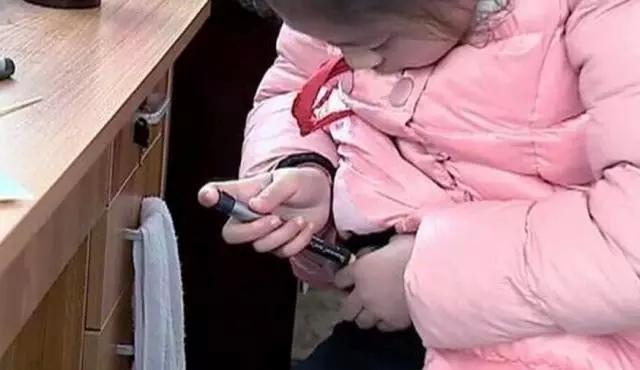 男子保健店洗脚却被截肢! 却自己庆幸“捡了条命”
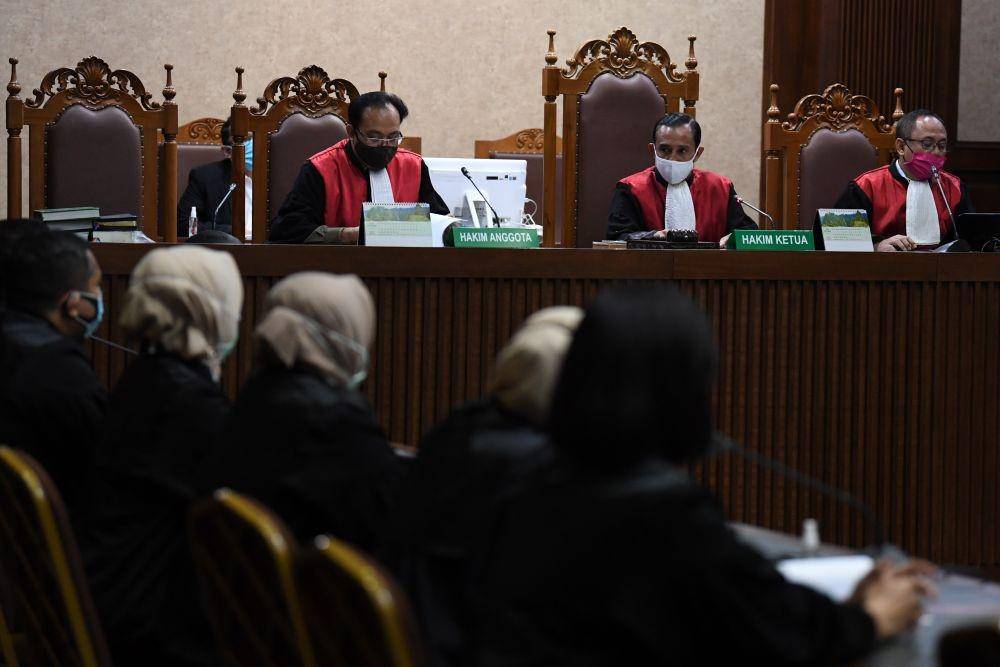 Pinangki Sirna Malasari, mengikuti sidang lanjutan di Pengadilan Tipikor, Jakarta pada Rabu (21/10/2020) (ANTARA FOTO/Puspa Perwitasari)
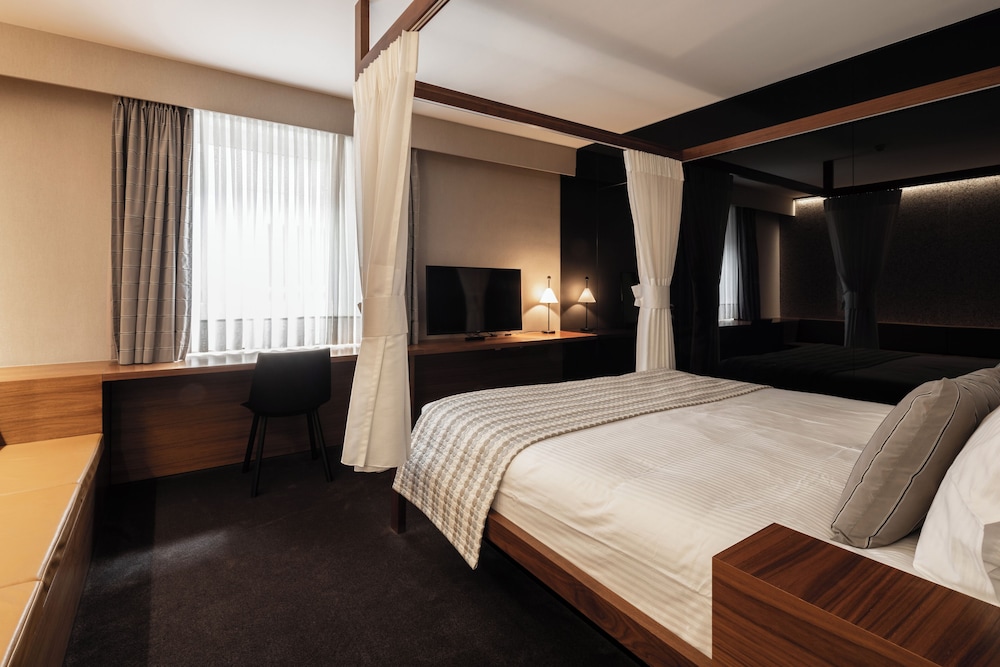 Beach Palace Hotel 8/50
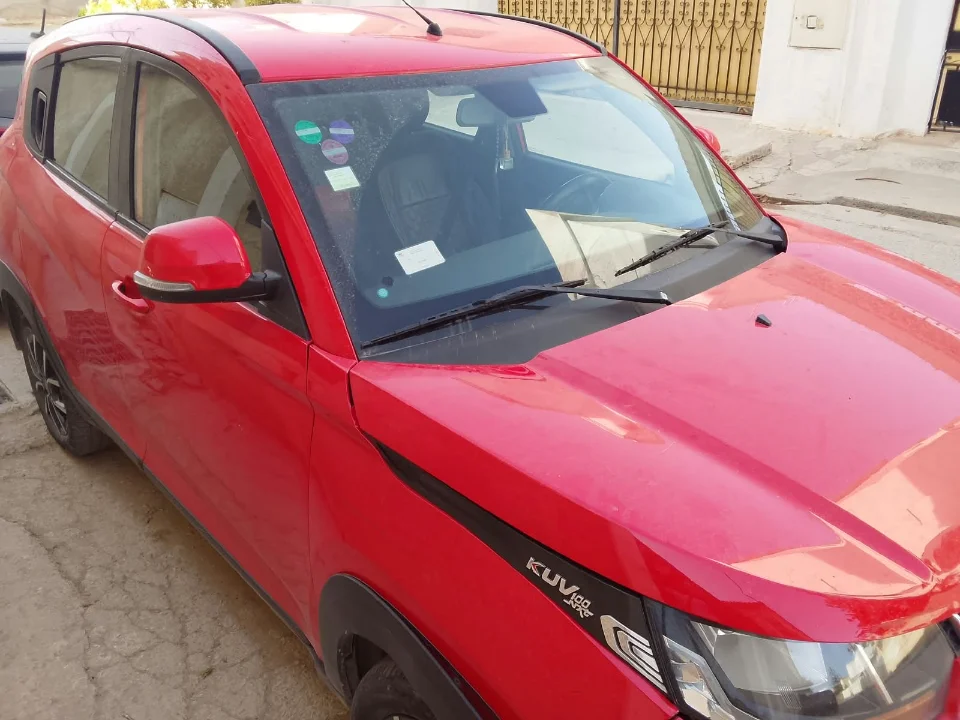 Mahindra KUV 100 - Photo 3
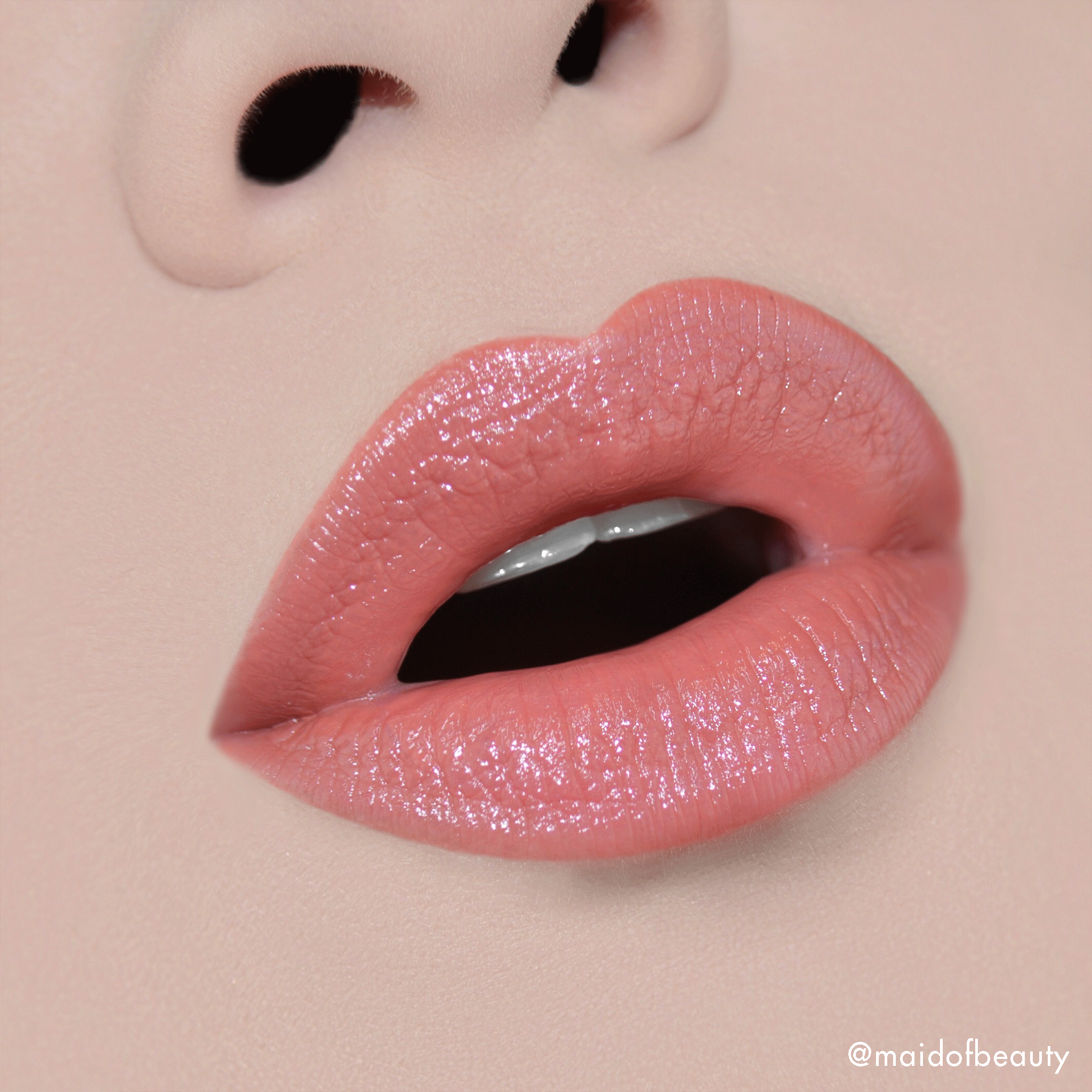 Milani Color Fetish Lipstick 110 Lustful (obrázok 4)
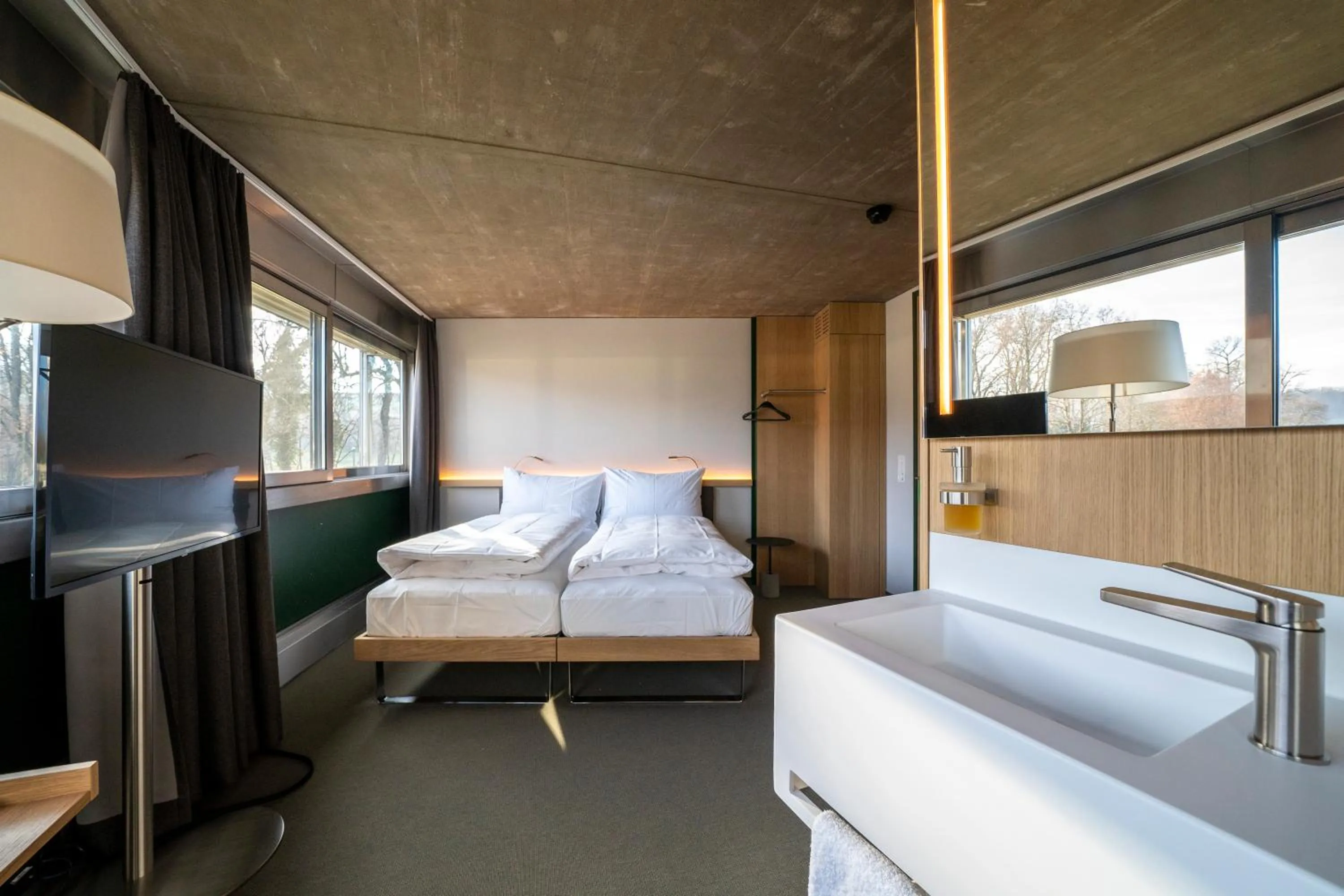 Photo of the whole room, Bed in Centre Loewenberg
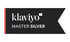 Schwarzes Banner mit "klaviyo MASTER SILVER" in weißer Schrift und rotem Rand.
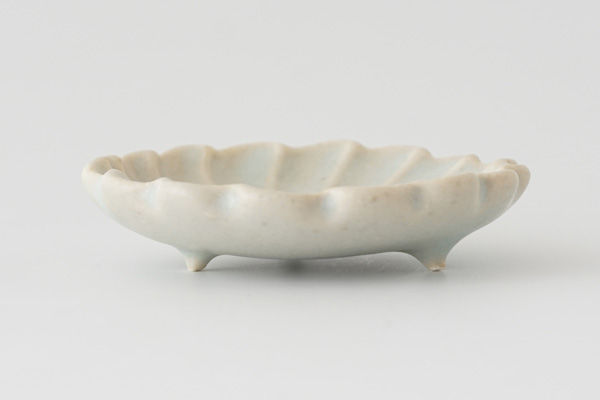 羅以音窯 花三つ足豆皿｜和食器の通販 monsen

Your task: Nothing but the lines from the line with "Milani Color Fetish" through the last line of the listing should be copied, exactly and with both ends kept. Leave pictures out.

Solution to this task:
 Milani Color Fetish Lipstick 110 Lustful (obrázok 4)
 Photo of the whole room, Bed in Centre Loewenberg
 Schwarzes Banner mit "klaviyo MASTER SILVER" in weißer Schrift und rotem Rand.
 羅以音窯 花三つ足豆皿｜和食器の通販 monsen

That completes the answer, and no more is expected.